*** Block opens ***

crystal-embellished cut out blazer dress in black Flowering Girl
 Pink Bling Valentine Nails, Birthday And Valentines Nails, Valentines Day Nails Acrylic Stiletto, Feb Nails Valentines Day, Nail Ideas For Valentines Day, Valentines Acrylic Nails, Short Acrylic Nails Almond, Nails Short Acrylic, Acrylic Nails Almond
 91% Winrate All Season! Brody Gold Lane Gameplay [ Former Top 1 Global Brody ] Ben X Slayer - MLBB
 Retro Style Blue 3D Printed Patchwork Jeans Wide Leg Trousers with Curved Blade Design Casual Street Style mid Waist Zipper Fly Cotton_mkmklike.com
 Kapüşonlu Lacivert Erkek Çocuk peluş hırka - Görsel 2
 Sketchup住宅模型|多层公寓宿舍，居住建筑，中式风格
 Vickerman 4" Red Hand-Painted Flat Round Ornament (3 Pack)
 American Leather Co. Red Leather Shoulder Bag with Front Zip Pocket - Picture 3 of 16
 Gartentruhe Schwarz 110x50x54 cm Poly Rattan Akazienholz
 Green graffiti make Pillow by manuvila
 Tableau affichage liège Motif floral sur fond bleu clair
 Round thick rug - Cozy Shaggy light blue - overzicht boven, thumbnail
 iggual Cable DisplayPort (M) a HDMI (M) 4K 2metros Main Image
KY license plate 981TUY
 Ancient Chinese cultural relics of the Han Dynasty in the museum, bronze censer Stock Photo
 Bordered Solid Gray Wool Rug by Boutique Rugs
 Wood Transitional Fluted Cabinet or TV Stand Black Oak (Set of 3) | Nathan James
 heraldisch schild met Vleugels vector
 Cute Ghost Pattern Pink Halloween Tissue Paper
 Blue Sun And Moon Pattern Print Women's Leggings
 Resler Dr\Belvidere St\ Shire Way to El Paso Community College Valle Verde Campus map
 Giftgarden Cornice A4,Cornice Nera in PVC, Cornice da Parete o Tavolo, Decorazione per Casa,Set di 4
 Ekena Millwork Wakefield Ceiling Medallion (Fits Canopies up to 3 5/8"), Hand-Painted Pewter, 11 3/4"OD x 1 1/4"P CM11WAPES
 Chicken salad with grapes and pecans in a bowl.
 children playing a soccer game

*** Block closes ***

HOW TO COMPLETE THIS TASK | Restate word for word the entries above from the line with "Retro Style Blue" through the line with "Sketchup住宅模型|多层公寓宿舍，居住建筑，中式风格", inclusive, leaving out everything else.

THE COMPLETED TASK |
 Retro Style Blue 3D Printed Patchwork Jeans Wide Leg Trousers with Curved Blade Design Casual Street Style mid Waist Zipper Fly Cotton_mkmklike.com
 Kapüşonlu Lacivert Erkek Çocuk peluş hırka - Görsel 2
 Sketchup住宅模型|多层公寓宿舍，居住建筑，中式风格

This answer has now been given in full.